Optimization for NVIDIA NeMo Retriever Reranking NIM#

Use this documentation to learn about runtime optimization for NVIDIA NeMo Retriever Reranking NIM.

Automatic Pipeline Selection#

Starting in version 2.0.0, at startup NeMo Retriever Reranking NIM detects the compute capability of the GPU and automatically selects an optimized inference pipeline for that GPU. The selected pipeline determines the CUDA kernels, precompiled cuDNN plans, attention implementation, and default precision. No user action is required to select profiles, and the list-model-profiles command is not available.

The selected pipeline and its precision are logged at startup. For example, the log includes a line similar to the following.

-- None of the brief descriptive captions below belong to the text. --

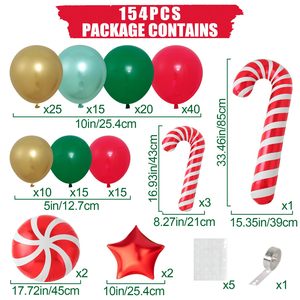 Kit d'arche <span class=keywords><strong>de</strong></span> ballons rouge, vert et or en forme <span class=keywords><strong>de</strong></span> canne à sucre, décoration <span class=keywords><strong>de</strong></span> <span class=keywords><strong>cheminée</strong></span> <span class=keywords><strong>de</strong></span> Noël, toile <span class=keywords><strong>de</strong></span> fond pour fête intérieure, fournitures <span class=keywords><strong>de</strong></span> décoration - Product Image 2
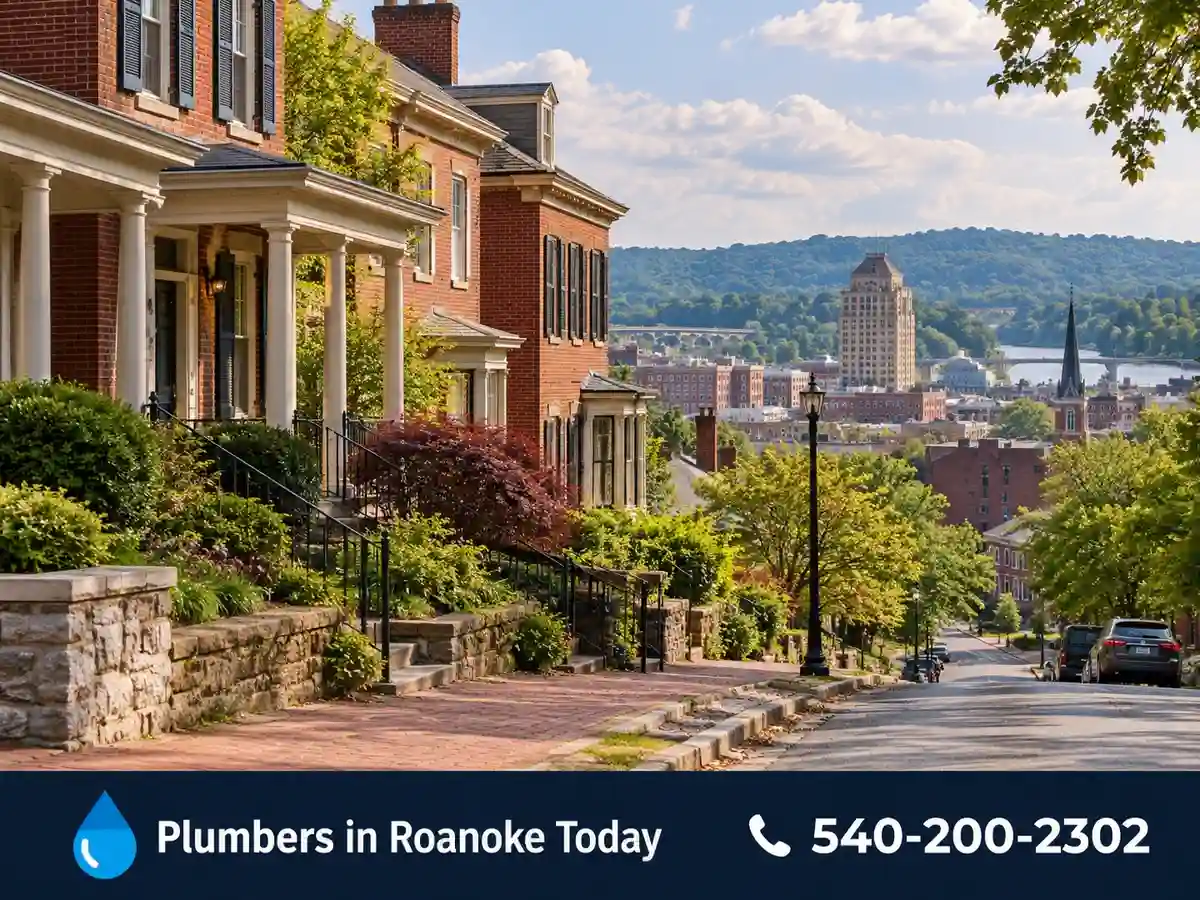 Older brick homes in Lynchburg, Virginia
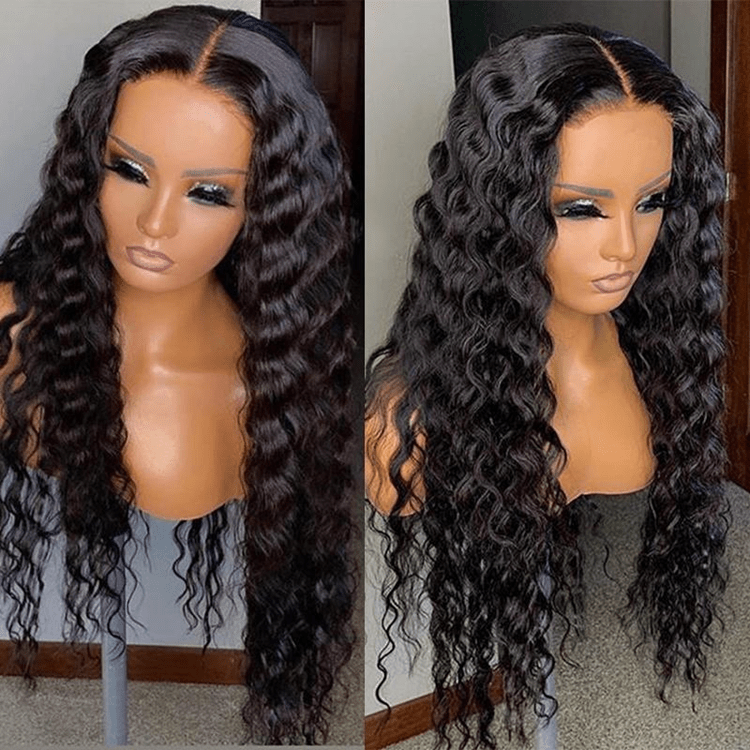 20 Inches / Color 9 Unprocessed 400% High Density Burmese Curly Full Cuticle Aligned Human Hair Melt HD Lace Frontal Closure Wigs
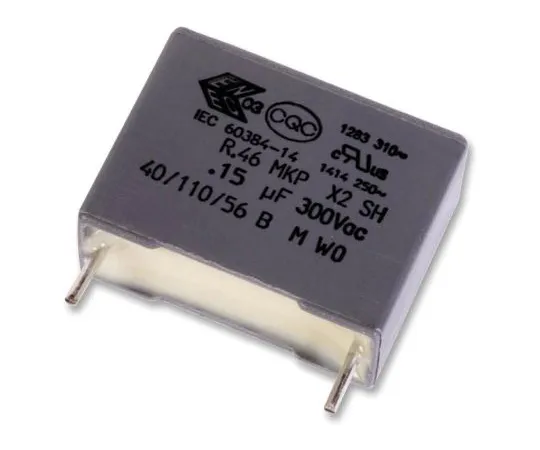 63-5157-90　KEMET 3.3μF聚丙烯电容器PP 310 V ac, 630 V dc±10%通过孔R46系列　R463R433050M2K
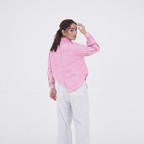 Carrot Cotton High-Low Shirt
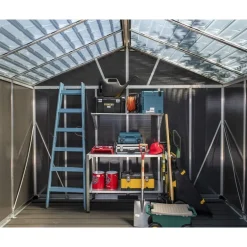 Canopia Yukon Casetta Da Giardino in Policarbonato 271X332X252 cm Grigio Pavimento Incluso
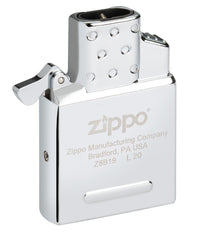 Zippo Double Torch ignition button for quick one-handed lighting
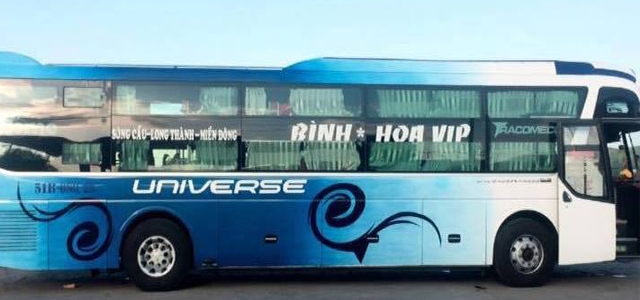 Xe Bình Hoa từ Phú Yên đi Sài Gòn (bến xe Miền Đông, An Sương, Ngã Tư Ga, Sóng Thần)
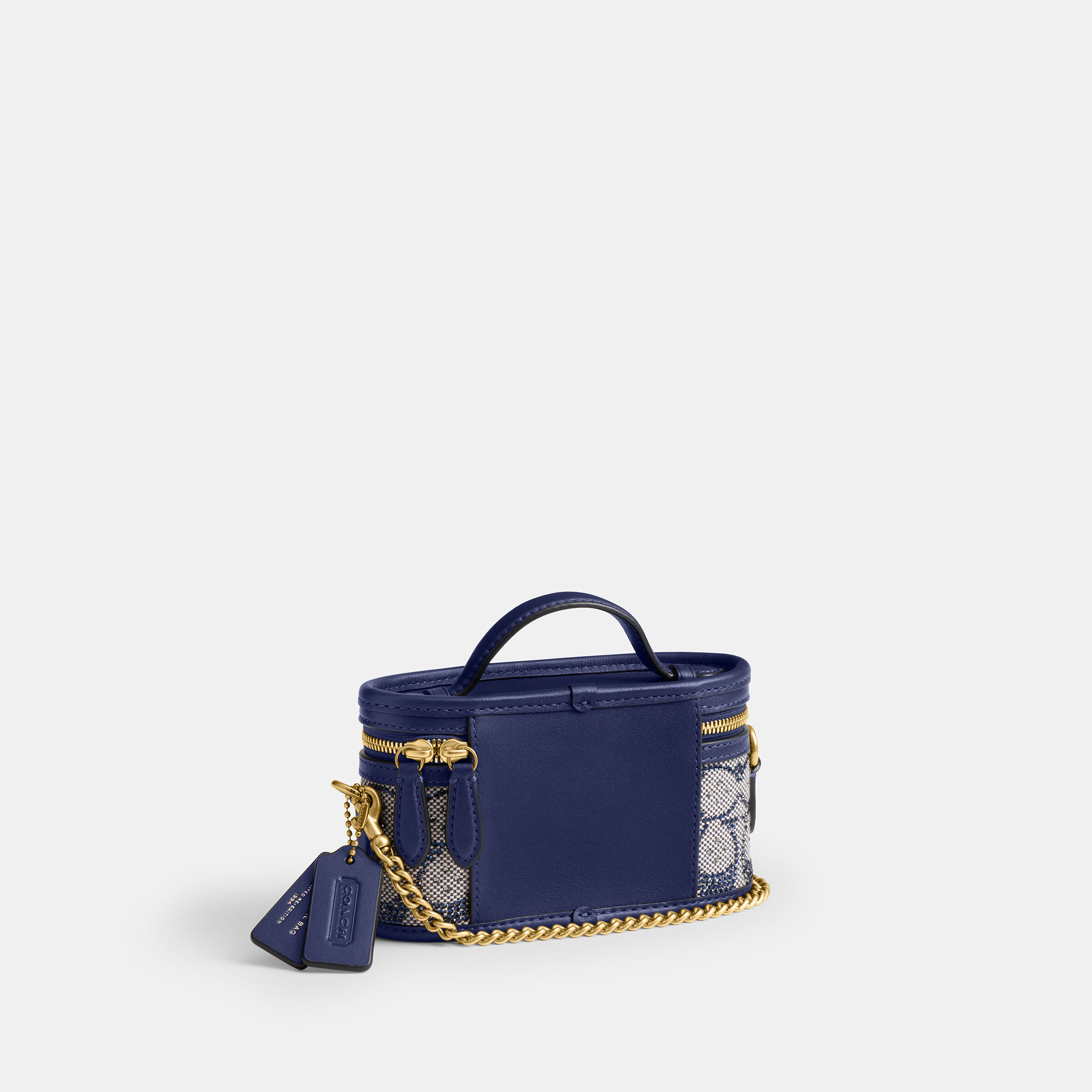 Buy COACH Crystal Signature Jacquard Trail Bag 15 Blue Online in UAE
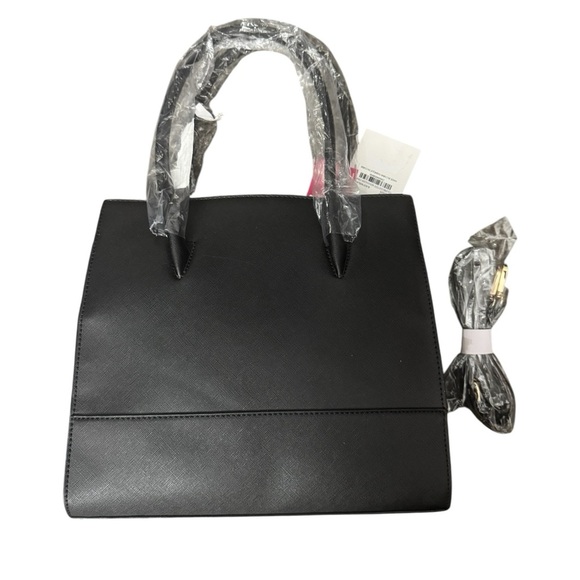 Trina Turk Black Faux Leather Handbag - Picture 2 of 7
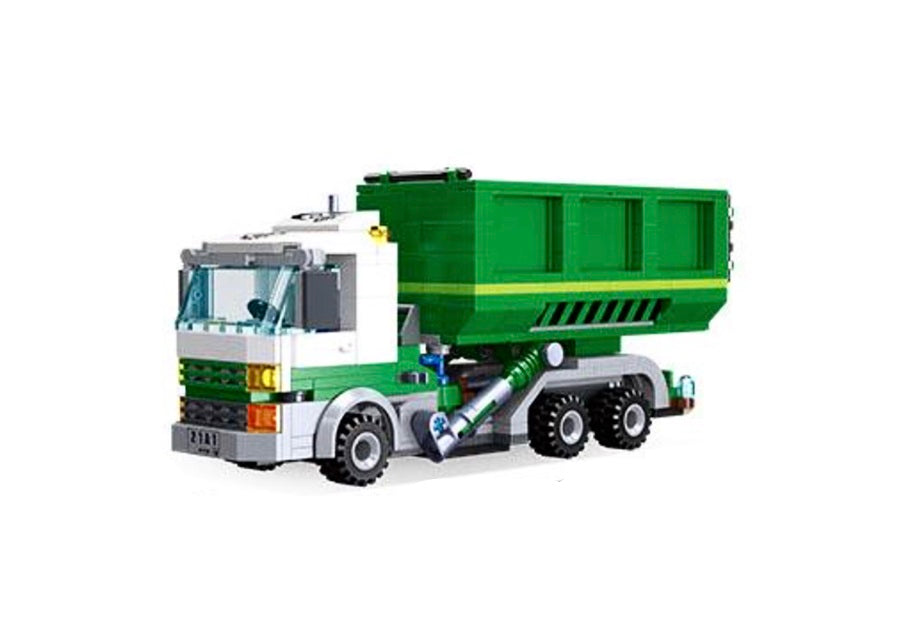 Roll-Off Skip Loader Dump Truck Building Block Set | General Jim's Toys & Bricks | GJ-GWSL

INFO CUDA device ready gpu="NVIDIA H100 80GB HBM3" cc=90
INFO loading rerank engines engine_count=2 ...

Precision Override#

The runtime selects a default precision as part of pipeline selection. The default weight precision is FP16 across all supported SKUs. To opt into FP8 on H100, H200, and RTX PRO 6000, set NIM_PRECISION=fp8 in the Docker run command as shown following. For details about which SKUs support FP8, refer to Support Matrix for NVIDIA NeMo Retriever Reranking NIM. If there is no pipeline available for the precision that you request, the runtime selects the default pipeline and precision for the GPU and logs a warning.

docker run ... \
  -e NIM_PRECISION=fp8 \
  $IMG_NAME

Override Profile Selection#

Starting in version 2.0.0, profile selection is automatic and you can’t override it by using NIM_MODEL_PROFILE. To request a specific precision, see Precision Override.